Your goal: Write out the entries below exactly, but only from the line containing "Boss BOSS 1296/F/S" through the line containing "UNIVERSAL SOFTSHELL HOOD", and without the pictures.

Task data:
== Segment start ==

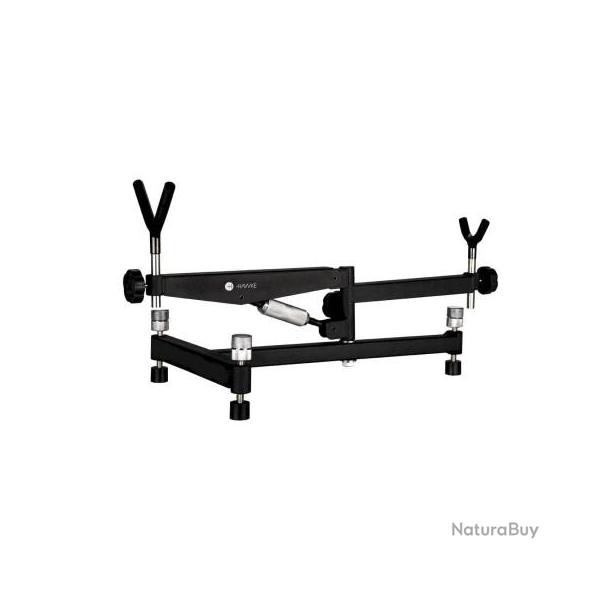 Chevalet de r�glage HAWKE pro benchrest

== Segment end ==
== Segment start ==

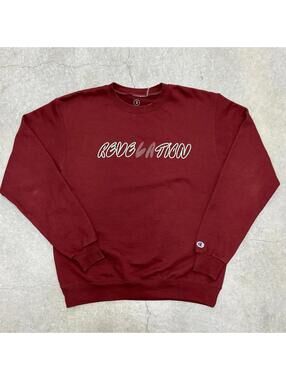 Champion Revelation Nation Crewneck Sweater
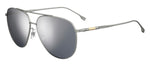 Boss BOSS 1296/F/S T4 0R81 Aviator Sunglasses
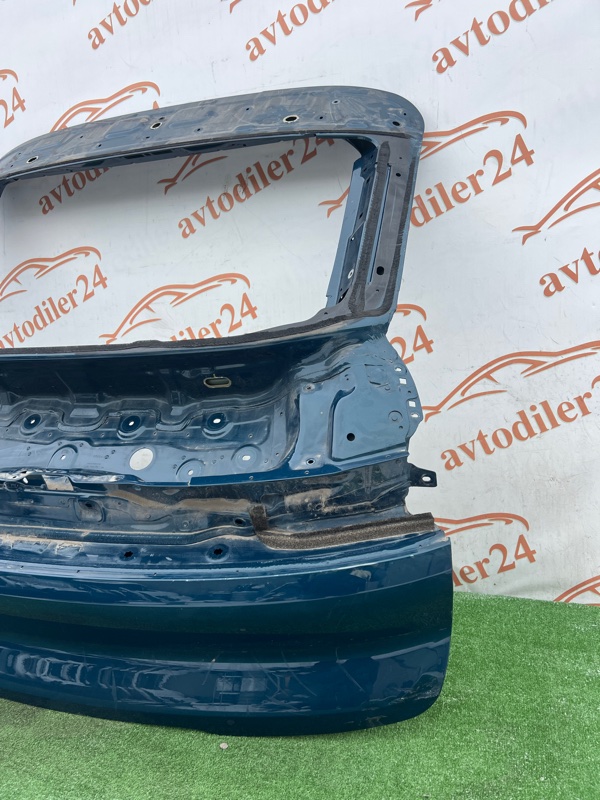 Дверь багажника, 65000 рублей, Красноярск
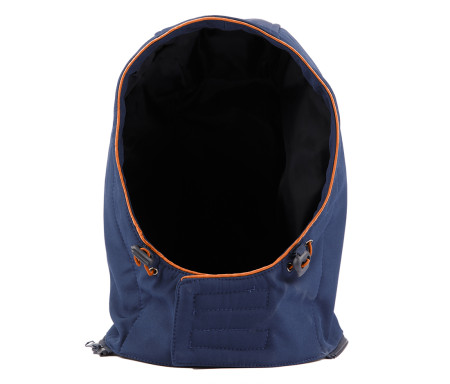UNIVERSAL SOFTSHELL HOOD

== Segment end ==

Solution:
 Boss BOSS 1296/F/S T4 0R81 Aviator Sunglasses
 Дверь багажника, 65000 рублей, Красноярск
UNIVERSAL SOFTSHELL HOOD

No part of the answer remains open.